It is, without exaggeration, one of the primary reasons your species survived.

And it is now the primary raw material of a trillion-dollar industry.

This essay is about how that happened. How a drive that evolved to keep you alive became the mechanism through which your attention is harvested, packaged, and sold. How the platforms that now govern most of modern life — the feeds, the algorithms, the infinite scroll — were not designed to inform you, entertain you, or improve your life. They were designed to exploit something ancient and automatic inside you, so reliably and at such scale that it has become one of the most profitable business models ever constructed.

And why understanding this, precisely and without illusion, is the first step toward doing something about it.


The Neuroscience of Curiosity — Why You Cannot Ignore a Gap

Before examining how curiosity is exploited, it is worth understanding what it actually is — because the popular version of the concept undersells how deep it runs.

Curiosity is not simply an interest in new things. At the neurological level, curiosity activates the same dopaminergic pathways as hunger, thirst, and sexual desire. It is a genuine drive state — a condition of incompleteness that the brain registers as discomfort and seeks to resolve. When you encounter a gap between what you know and what you want to know, your brain does not neutrally register the gap. It experiences it as a kind of mild suffering, and it motivates behaviour aimed at closing it.

This is why you finish sentences that trail off. Why you need to know how a film ends even when it is bad. Why a notification on your phone — which might be nothing, might be anything — is almost impossible to ignore. The notification does not promise something good. It promises resolution. It promises the closure of a gap. And that promise is neurologically irresistible.

The psychologist George Loewenstein formalised this in 1994 with what he called the information-gap theory of curiosity. The theory is elegantly simple: curiosity arises when attention becomes focused on a gap in knowledge. The larger the gap feels, the stronger the curiosity. The more uncertain the resolution, the more powerful the pull.

This was an academic insight in 1994. By 2010 it was a product specification.


The Moment It Became a Business Model

The attention economy did not begin with social media. It began, in its modern form, with television — specifically with the discovery that advertising revenue could fund content production if the content was compelling enough to keep audiences watching.

The insight was simple: if you could reliably capture human attention, you could sell that attention to companies who wanted to place their products in front of it. Attention became currency. The programming was never really the product. The audience was.

But television had limits. You could only broadcast to people who were in front of a set. You could only run a fixed number of hours. The attention you could capture was constrained by time, geography, and the passive nature of the medium.

The internet removed all three constraints simultaneously.

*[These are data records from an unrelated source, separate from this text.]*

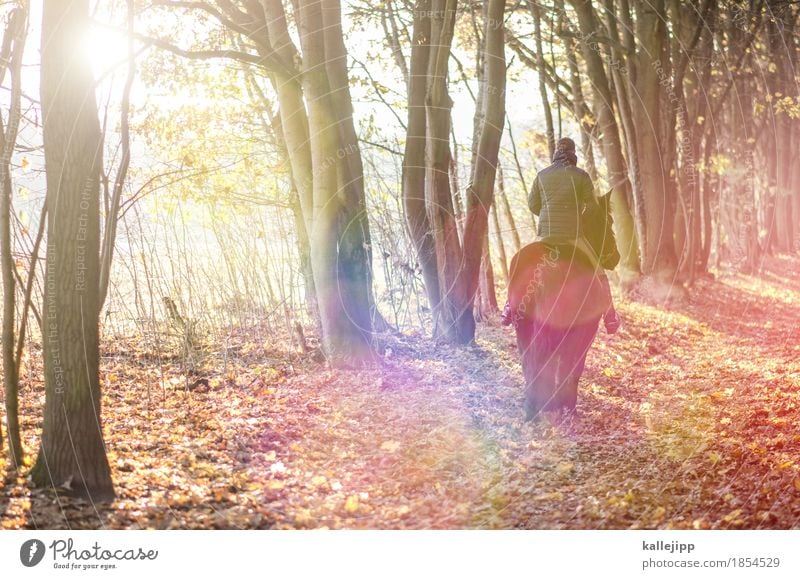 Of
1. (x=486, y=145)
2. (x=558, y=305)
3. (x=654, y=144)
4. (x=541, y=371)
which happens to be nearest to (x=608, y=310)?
(x=558, y=305)

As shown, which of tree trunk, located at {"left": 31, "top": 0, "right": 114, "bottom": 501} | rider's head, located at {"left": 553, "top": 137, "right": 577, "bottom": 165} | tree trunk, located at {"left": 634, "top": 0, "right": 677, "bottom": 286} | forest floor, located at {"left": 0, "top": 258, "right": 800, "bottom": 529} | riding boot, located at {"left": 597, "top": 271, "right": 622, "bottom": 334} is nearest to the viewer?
tree trunk, located at {"left": 31, "top": 0, "right": 114, "bottom": 501}

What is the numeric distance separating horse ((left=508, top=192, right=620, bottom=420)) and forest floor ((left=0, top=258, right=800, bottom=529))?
0.36 m

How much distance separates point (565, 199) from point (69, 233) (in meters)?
4.30

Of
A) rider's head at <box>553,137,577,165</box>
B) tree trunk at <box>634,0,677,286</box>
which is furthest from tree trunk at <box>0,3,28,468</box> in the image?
tree trunk at <box>634,0,677,286</box>

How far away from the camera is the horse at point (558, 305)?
7.85 m

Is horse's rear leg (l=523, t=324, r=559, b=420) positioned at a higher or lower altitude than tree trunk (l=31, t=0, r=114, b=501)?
lower

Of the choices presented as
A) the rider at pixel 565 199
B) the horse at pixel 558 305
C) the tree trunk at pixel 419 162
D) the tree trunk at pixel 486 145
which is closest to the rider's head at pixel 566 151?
the rider at pixel 565 199

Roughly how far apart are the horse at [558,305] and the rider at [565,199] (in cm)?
6

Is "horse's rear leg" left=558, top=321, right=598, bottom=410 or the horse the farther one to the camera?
"horse's rear leg" left=558, top=321, right=598, bottom=410

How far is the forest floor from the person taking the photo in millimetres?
6199

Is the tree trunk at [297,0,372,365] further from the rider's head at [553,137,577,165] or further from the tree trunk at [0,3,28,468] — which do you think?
the tree trunk at [0,3,28,468]

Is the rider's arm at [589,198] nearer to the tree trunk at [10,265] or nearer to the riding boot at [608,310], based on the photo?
the riding boot at [608,310]

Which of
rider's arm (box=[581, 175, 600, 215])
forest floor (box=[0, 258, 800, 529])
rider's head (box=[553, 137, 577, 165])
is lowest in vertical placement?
forest floor (box=[0, 258, 800, 529])

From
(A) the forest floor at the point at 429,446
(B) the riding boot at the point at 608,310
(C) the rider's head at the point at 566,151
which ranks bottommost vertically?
(A) the forest floor at the point at 429,446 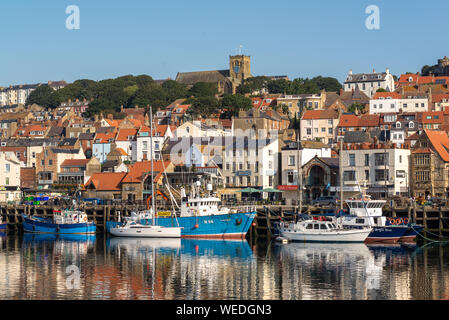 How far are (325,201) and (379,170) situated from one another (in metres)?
9.58

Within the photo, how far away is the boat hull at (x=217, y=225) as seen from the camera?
241 ft

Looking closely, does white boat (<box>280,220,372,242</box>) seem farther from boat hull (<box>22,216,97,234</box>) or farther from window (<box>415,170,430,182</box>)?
boat hull (<box>22,216,97,234</box>)

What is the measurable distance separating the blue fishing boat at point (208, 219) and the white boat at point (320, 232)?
466 centimetres

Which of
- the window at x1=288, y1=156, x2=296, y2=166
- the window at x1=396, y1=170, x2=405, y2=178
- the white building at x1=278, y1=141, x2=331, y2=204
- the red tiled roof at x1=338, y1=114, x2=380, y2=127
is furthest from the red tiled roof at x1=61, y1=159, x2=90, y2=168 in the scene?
the window at x1=396, y1=170, x2=405, y2=178

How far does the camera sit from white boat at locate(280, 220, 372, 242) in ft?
225

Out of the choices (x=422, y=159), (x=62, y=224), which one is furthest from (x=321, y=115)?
(x=62, y=224)

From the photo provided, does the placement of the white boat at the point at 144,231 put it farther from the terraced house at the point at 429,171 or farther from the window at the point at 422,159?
the window at the point at 422,159

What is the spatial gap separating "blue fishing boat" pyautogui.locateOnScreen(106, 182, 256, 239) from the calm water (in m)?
2.82

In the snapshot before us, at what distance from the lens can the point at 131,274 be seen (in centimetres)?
5084

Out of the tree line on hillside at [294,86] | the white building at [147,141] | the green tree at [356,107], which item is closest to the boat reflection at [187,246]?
the white building at [147,141]

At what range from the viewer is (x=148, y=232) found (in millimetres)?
75750

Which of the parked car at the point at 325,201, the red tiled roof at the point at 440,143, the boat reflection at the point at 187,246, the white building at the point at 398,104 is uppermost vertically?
the white building at the point at 398,104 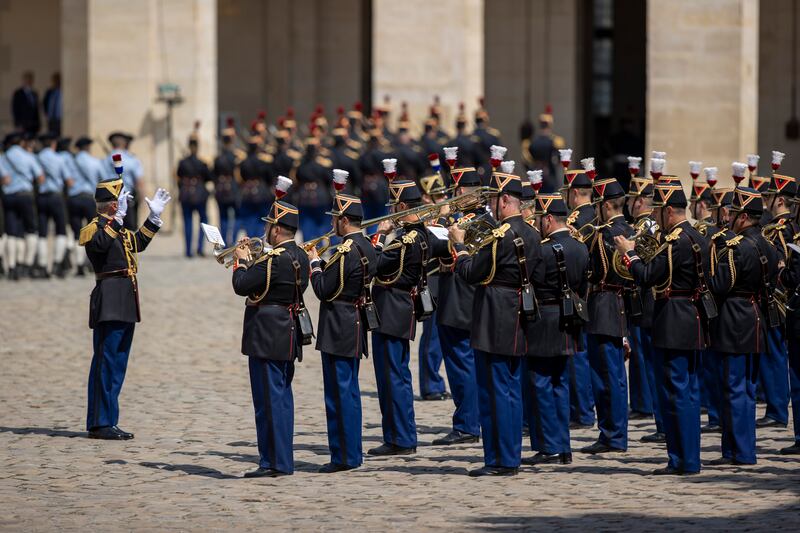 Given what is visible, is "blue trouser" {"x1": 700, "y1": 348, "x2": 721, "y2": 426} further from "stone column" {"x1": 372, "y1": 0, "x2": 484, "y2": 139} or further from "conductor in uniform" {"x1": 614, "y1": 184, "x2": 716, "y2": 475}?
"stone column" {"x1": 372, "y1": 0, "x2": 484, "y2": 139}

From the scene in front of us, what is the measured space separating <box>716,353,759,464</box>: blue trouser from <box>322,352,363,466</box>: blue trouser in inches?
96.9

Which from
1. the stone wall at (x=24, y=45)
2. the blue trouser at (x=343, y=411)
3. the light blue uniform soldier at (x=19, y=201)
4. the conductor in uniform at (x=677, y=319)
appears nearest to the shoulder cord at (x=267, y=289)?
the blue trouser at (x=343, y=411)

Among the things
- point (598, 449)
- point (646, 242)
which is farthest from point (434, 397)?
point (646, 242)

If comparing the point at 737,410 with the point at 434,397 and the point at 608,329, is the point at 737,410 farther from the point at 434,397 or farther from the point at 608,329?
the point at 434,397

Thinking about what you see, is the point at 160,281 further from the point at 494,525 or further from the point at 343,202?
the point at 494,525

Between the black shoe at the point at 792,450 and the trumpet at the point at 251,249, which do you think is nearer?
the trumpet at the point at 251,249

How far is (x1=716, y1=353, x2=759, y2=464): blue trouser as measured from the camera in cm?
1141

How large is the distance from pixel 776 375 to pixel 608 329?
159 cm

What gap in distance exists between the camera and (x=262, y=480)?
433 inches

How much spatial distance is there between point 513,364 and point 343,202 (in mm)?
1632

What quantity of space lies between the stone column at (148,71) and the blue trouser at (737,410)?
17.8m

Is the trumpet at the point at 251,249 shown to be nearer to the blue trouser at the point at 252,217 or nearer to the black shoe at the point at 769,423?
the black shoe at the point at 769,423

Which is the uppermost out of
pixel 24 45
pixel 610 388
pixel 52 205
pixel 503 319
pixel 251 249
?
pixel 24 45

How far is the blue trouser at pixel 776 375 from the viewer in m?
13.2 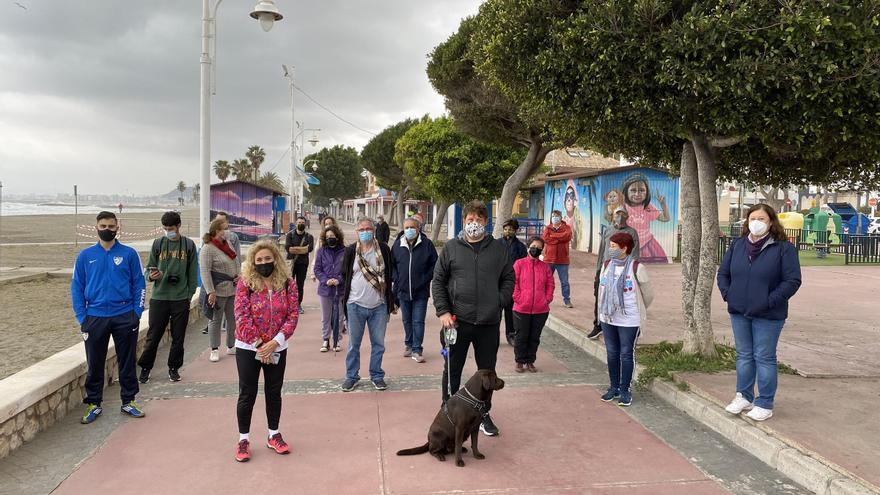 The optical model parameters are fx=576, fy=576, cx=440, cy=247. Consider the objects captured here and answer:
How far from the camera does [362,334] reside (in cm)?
570

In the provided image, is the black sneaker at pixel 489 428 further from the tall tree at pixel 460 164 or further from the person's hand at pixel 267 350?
the tall tree at pixel 460 164

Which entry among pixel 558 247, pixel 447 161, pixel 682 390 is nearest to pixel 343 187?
pixel 447 161

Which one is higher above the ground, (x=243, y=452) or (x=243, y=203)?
(x=243, y=203)

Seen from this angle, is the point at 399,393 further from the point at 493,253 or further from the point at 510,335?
the point at 510,335

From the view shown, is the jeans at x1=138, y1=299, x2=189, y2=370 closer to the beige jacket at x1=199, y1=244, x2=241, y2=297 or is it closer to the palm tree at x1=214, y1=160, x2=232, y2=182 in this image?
the beige jacket at x1=199, y1=244, x2=241, y2=297

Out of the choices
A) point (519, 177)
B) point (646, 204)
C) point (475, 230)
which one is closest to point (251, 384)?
point (475, 230)

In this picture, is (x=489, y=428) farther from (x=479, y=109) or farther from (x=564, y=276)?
(x=479, y=109)

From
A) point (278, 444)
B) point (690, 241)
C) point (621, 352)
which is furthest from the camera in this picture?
point (690, 241)

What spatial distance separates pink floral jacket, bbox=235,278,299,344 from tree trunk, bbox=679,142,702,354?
4505 millimetres

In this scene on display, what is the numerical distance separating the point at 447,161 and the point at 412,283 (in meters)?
17.4

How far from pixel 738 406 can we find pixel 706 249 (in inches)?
84.6

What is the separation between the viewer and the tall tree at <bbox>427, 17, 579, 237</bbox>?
50.3 feet

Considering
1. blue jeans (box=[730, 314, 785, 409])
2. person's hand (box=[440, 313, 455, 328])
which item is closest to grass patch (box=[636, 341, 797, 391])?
blue jeans (box=[730, 314, 785, 409])

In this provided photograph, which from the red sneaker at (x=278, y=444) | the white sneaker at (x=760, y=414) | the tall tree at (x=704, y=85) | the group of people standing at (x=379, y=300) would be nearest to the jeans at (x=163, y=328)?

Suddenly attention could be captured anywhere, at any time, for an unlimited duration. The audience did not just receive content — they generated it, shared it, commented on it, reacted to it. Every action produced data. Every data point improved the model. Every improvement in the model increased the accuracy with which the next piece of content could be targeted.

And the content that performed best — the content that reliably captured attention and held it — was not the most accurate, or the most useful, or the most true. It was the content that most effectively exploited the information gap. The content that made you feel like you were missing something. That made the gap between what you knew and what you might know feel unbearable.

The headline that trails off. The story that refuses to resolve cleanly. The claim that contradicts what you thought you knew. The statistic that seems impossible. The name you have never heard of suddenly appearing everywhere.

All of it engineered, consciously or through algorithmic optimisation, to produce the specific neurological state that George Loewenstein described thirty years ago in an academic paper that nobody outside psychology read.


The Three Mechanisms

The attention economy does not operate through a single mechanism. It operates through at least three, working simultaneously, each reinforcing the others.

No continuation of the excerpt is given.